Finance
Venture capitalist stopped board meeting with a cultured meat startup
-
Heidi Roizen, a partner at Silicon Valley venture
capital firm DFJ, had to stop a board meeting with
cultured meat startup Memphis Meats when the founder showed
a slide of five recent hires, all of whom were women. -
That kind of commitment to inclusion is
rare in Silicon Valley. -
At Memphis Meats, more than half of the company’s team
identify as women; 40% of them are in leadership
roles.
The moment Heidi Roizen knew she’d backed the right startup
happened in the middle of a board room meeting. After 20 years
working as a venture capitalist, she had never seen a slide like
the one presented to her by Uma Valeti, the founder of
cultured meat startup Memphis Meats.
Before her were photos of five of the company’s most recent hires
— all of whom were scientists or managers by training, and all of
whom also happened to be women.
“I stopped [him] right at that moment to tell him I had never
seen a slide like that,” Roizen
wrote on her blog this week. “And that in turn surprised him,
which probably explains in part why Memphis Meats is such a
leader when it comes to diversity.”
Based in Silicon Valley, Memphis Meats kicked off with
funding from leading biotech hub IndieBio in 2015. Today,
it’s backed by investors like Bill Gates, Richard Branson, Twitch
cofounder Kyle Vogt, and Kimbal Musk (Elon Musk’s brother). Two
food giants — Tyson Foods and Cargill — are other notable
investors.
Like a handful of
other enterprising startups in the meat alternative space,
Memphis Meats’ mission is to
grow real meat from animal cells to minimize the
environmental waste and ethical problems linked with factory
farming.
But unlike the majority of the startup world, more than half of
the company’s team identify as women; 40% of them are in
leadership roles.
The reason that is significant isn’t merely because it’s novel.

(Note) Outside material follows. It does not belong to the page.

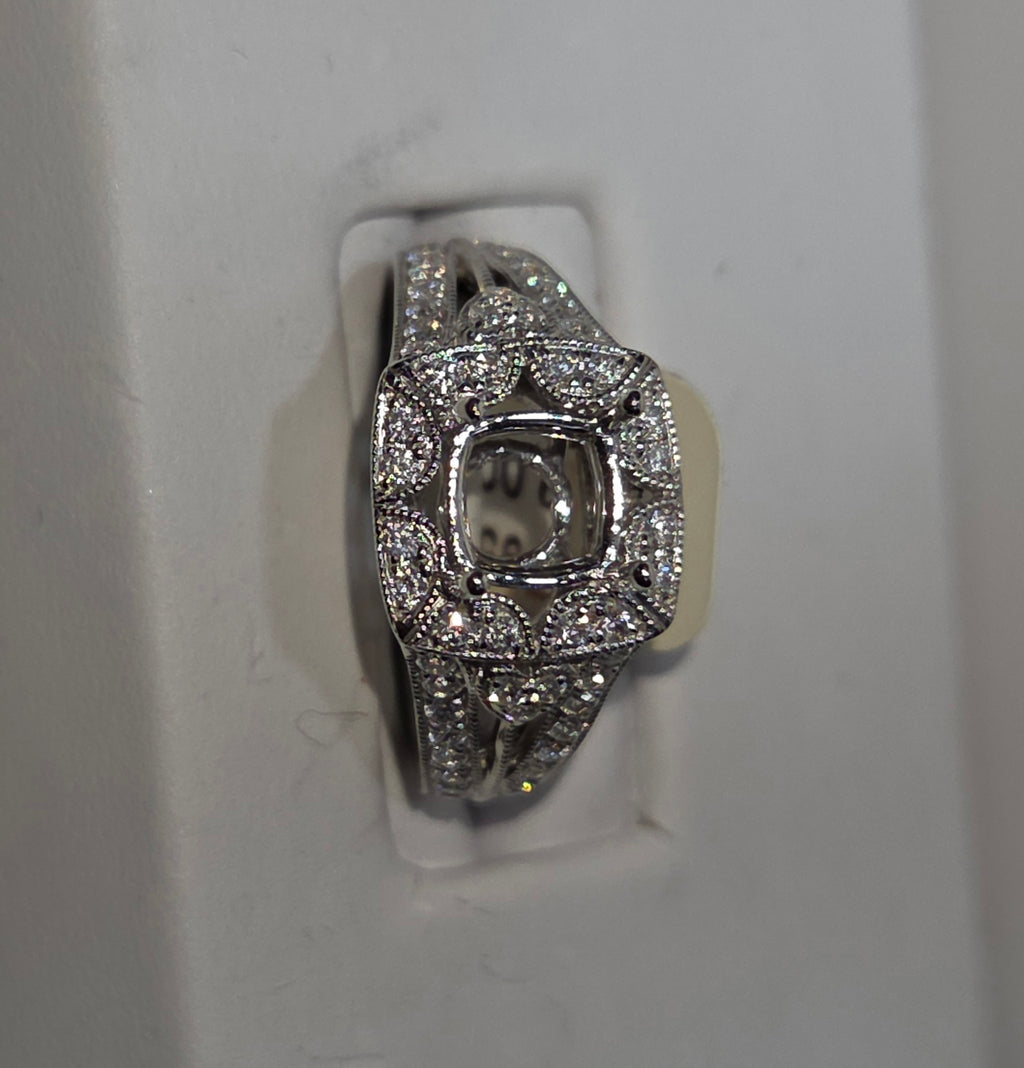 Natural Diamond 14K White Gold Illusion Tri-Look Open Engagement Ring 2.00 CTW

It’s also a key indicator of the company’s core values, Roizen
said.
‘Great resumes are the price of admission, not the focus of our
hiring process’
Memphis Meats is committed to hiring a diverse team of people who
hail from a variety of backgrounds, Megan Pittman, Memphis Meats’

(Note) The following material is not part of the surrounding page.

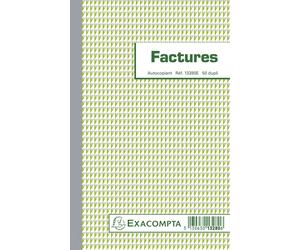 Exacompta 10x Manifold Factures 21x13,5cm 50 feuillets dupli auocopiants 13280E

director of people operations, told Roizen in an interview for
her post.
To do that, they look beyond traditional hiring practices that
focus exclusively on things like resumes, which can be biased
toward white men because of institutional racism and sexism. For
decades, policies like redlining (the process by which banks
refuse loans or insurance to people of color because an area is
determined to be too financially risky) and immigration practices
favoring European countries have limited the resources available
to women and people of color.
Those policies and behaviors also contribute to limiting the
amount of money that goes to women and people of color. Last
year, all-female startup teams got
just 2% of all venture capital investment dollars. Fewer than
1% of American venture capital-backed founders are black.

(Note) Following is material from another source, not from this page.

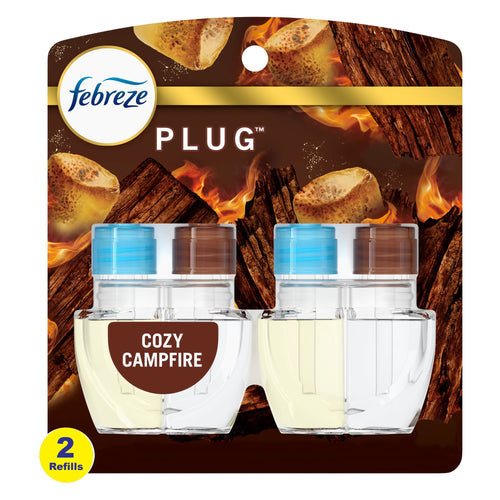 Packaged Febreze Plug refill twin pack labeled Cozy Campfire with two clear oil refill bottles and campfire imagery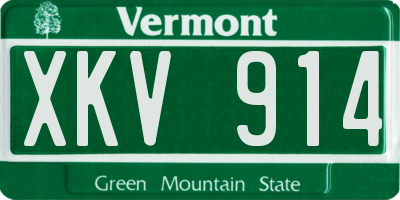 VT license plate XKV914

Instead of sitting down to a traditional interview, hiring
managers at Memphis Meats ask all job candidates to begin by
giving a 30-minute talk focused on an accomplishment or a topic
they’re familiar with.
Hiring managers at Memphis do other things that help to make
diversity an entrenched part of the process. They all ask one
question, for example, when looking for a new hire: “What do we
need our next person to bring that our team doesn’t already
have?,” Pittman said.
That question assumes that what they need at the company is not
more of the same, but instead a variety of perspectives from a
variety of backgrounds. The practice has paid off, Pittman said.
“We’ve seen plenty of data showing that companies that hire based
on resumes and checkboxes end up with homogenous workforces,”
said Pittman. “Don’t get me wrong — great resumes and hard skills
are requirements at Memphis Meats, but they’re the price of
admission and not the focus of our hiring process.”